Micelio, Antwerpen, Belgium.
Department of Bioinformatics - BiGCaT, NUTRIM, Maastricht University, Maastricht, The Netherlands.
BMC Biol. 2021 Jan 22;19(1):12. doi: 10.1186/s12915-020-00940-y.
Pandemics, even more than other medical problems, require swift integration of knowledge. When caused by a new virus, understanding the underlying biology may help finding solutions. In a setting where there are a large number of loosely related projects and initiatives, we need common ground, also known as a "commons." Wikidata, a public knowledge graph aligned with Wikipedia, is such a commons and uses unique identifiers to link knowledge in other knowledge bases. However, Wikidata may not always have the right schema for the urgent questions. In this paper, we address this problem by showing how a data schema required for the integration can be modeled with entity schemas represented by Shape Expressions.

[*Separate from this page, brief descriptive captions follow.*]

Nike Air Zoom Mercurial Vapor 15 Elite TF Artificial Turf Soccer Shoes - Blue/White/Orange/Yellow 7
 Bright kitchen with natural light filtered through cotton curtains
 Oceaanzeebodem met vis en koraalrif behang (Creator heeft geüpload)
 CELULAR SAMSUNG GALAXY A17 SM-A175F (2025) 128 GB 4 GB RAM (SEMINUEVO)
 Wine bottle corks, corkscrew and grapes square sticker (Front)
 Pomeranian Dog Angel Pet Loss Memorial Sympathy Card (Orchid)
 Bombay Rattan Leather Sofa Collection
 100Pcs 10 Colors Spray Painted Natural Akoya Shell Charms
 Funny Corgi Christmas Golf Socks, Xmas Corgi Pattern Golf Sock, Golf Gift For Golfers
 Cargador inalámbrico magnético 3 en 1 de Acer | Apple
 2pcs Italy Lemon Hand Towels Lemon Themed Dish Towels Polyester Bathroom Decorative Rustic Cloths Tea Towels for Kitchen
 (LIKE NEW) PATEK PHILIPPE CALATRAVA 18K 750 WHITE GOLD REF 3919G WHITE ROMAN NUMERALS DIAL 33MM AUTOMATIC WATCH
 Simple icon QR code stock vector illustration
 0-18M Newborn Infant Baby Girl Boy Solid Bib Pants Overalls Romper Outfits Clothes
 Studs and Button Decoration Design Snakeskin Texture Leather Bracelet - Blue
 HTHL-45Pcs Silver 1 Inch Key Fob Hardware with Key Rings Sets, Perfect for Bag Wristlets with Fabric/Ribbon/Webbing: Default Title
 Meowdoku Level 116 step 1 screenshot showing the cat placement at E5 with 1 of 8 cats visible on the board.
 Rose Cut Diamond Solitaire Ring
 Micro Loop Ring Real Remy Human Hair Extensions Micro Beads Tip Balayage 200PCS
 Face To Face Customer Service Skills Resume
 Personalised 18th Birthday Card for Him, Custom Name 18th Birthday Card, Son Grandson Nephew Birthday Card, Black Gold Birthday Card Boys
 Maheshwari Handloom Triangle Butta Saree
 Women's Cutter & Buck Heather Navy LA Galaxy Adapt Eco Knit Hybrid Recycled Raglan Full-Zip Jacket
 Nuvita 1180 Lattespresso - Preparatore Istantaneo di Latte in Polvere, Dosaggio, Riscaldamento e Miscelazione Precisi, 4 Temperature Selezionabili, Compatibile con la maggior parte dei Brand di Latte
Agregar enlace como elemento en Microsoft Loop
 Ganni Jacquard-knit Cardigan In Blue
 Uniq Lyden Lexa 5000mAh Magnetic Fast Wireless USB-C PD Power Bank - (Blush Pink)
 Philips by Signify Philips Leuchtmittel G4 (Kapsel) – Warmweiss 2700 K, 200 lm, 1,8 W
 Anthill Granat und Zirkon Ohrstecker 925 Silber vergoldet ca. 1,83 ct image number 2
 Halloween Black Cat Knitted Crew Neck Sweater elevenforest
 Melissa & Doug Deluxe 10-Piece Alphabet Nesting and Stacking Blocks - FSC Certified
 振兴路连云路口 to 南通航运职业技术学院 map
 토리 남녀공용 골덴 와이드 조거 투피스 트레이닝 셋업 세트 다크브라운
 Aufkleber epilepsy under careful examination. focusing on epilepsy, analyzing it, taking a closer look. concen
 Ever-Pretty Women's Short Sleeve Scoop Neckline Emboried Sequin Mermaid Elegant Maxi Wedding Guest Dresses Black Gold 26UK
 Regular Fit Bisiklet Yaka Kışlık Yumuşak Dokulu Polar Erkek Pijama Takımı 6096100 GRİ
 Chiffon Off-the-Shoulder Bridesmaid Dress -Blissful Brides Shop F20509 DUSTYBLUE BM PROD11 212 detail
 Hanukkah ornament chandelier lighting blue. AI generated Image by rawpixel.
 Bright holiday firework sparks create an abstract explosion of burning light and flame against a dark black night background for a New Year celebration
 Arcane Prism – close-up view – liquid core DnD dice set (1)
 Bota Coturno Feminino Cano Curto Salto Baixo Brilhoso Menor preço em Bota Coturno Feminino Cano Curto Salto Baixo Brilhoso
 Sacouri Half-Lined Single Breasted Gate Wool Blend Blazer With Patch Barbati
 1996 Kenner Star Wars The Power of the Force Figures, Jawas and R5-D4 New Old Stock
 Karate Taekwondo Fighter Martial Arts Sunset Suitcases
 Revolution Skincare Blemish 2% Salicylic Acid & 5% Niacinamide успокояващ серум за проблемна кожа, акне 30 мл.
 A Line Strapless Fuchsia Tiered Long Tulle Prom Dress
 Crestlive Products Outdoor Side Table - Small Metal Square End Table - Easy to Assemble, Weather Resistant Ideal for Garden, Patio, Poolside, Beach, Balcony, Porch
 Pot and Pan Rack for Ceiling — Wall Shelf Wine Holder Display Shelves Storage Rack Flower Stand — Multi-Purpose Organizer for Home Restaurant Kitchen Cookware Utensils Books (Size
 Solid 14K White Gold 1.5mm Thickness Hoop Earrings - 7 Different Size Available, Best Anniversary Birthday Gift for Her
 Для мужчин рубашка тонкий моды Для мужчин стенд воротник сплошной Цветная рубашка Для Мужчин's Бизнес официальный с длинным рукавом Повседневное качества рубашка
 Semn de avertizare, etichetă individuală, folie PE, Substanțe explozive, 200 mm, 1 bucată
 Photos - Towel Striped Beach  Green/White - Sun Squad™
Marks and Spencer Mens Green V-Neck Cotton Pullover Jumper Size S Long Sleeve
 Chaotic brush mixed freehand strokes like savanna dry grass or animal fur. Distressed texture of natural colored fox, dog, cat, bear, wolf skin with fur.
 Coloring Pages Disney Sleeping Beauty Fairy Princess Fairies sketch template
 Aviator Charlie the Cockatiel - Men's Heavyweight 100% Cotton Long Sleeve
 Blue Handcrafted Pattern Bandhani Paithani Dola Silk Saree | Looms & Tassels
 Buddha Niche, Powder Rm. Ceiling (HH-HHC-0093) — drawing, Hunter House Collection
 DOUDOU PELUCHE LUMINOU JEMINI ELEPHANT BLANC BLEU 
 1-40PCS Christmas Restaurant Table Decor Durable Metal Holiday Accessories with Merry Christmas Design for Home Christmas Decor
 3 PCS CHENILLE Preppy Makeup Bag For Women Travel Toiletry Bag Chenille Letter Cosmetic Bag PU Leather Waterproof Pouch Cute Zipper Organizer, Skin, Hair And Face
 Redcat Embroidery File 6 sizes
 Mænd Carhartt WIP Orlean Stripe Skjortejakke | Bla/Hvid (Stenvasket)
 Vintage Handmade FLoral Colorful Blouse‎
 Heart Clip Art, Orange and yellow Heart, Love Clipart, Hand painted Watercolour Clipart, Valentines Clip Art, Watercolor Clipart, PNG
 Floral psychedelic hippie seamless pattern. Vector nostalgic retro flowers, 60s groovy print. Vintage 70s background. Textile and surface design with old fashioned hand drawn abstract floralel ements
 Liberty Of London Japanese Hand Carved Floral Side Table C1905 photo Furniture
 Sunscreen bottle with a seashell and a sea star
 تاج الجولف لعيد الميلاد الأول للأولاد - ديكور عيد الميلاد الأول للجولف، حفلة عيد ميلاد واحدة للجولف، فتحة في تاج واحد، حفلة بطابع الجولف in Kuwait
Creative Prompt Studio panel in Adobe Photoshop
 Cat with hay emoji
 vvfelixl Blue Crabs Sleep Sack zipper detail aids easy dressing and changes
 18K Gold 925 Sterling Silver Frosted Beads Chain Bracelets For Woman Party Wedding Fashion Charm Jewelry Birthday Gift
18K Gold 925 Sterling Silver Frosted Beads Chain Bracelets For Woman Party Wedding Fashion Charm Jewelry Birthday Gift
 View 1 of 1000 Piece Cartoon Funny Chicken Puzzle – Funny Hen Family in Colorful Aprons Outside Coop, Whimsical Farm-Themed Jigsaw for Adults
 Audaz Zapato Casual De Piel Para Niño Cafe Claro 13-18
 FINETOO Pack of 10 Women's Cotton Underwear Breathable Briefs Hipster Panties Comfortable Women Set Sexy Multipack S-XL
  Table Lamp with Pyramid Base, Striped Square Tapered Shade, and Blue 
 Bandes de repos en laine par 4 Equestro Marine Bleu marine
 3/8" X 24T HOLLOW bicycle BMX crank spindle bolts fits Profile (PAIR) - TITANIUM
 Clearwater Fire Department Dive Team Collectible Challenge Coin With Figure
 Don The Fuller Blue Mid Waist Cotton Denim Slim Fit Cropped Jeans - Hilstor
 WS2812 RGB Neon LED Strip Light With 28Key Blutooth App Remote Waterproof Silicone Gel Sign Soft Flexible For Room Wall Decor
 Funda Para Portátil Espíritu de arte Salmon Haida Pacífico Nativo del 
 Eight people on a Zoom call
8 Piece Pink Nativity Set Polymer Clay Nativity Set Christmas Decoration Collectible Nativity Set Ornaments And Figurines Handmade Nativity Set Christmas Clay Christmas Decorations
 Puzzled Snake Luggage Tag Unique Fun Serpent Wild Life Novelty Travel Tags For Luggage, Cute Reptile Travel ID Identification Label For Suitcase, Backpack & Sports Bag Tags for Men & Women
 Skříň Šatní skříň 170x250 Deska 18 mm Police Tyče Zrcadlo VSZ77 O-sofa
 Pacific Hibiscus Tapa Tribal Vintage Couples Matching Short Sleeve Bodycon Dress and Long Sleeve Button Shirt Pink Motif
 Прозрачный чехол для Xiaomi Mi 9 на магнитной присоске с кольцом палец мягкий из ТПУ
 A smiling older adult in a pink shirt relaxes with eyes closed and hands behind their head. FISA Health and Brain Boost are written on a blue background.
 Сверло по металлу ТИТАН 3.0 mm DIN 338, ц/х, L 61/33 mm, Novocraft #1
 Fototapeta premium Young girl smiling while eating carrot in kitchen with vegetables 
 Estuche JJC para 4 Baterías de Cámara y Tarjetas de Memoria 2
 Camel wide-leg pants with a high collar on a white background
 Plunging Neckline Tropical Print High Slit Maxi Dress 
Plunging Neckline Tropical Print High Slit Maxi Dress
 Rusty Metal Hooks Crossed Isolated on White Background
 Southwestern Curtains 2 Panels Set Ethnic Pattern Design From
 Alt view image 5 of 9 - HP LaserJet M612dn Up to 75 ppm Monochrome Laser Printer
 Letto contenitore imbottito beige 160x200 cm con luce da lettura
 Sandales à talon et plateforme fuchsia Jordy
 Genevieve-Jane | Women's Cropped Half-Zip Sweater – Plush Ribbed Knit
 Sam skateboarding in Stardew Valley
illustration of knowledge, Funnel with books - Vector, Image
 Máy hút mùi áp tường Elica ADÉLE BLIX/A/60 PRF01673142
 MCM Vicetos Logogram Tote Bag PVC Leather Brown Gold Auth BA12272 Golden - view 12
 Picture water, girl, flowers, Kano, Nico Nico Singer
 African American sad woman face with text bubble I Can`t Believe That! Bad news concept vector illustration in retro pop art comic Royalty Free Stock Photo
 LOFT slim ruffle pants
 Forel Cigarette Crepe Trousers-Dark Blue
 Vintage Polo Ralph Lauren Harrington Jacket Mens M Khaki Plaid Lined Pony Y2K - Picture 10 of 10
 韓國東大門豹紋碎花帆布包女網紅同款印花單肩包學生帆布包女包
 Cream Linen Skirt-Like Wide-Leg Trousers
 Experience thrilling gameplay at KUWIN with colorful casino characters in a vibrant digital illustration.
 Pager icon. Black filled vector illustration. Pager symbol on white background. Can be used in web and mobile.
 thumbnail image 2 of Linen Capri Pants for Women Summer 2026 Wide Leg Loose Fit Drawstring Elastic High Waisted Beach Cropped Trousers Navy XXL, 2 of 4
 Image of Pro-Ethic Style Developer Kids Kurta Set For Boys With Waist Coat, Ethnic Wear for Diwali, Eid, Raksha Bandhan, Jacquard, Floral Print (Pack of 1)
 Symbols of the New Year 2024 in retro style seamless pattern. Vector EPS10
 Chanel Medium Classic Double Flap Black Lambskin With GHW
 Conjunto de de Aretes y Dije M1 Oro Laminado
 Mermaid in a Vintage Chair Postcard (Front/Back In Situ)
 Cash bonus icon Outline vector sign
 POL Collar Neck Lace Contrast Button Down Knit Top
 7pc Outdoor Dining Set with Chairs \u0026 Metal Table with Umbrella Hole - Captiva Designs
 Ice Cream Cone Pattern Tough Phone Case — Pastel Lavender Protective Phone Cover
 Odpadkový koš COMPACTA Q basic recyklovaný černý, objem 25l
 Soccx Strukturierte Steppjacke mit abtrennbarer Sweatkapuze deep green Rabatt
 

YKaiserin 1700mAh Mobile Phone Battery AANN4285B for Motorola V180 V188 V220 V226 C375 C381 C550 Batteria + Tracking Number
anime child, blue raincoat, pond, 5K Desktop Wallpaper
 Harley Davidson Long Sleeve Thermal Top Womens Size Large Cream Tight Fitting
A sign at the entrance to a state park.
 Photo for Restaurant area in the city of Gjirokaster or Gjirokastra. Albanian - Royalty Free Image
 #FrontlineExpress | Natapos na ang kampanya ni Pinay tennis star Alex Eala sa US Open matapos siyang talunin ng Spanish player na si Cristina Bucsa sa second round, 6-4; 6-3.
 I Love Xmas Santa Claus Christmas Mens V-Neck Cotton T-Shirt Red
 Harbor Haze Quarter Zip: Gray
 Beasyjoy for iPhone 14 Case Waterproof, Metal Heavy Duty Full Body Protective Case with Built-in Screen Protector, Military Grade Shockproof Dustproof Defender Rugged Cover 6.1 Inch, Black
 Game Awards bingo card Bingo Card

As a telling example, we describe the process of aligning resources on the genomes and proteomes of the SARS-CoV-2 virus and related viruses as well as how Shape Expressions can be defined for Wikidata to model the knowledge, helping others studying the SARS-CoV-2 pandemic. How this model can be used to make data between various resources interoperable is demonstrated by integrating data from NCBI (National Center for Biotechnology Information) Taxonomy, NCBI Genes, UniProt, and WikiPathways. Based on that model, a set of automated applications or bots were written for regular updates of these sources in Wikidata and added to a platform for automatically running these updates.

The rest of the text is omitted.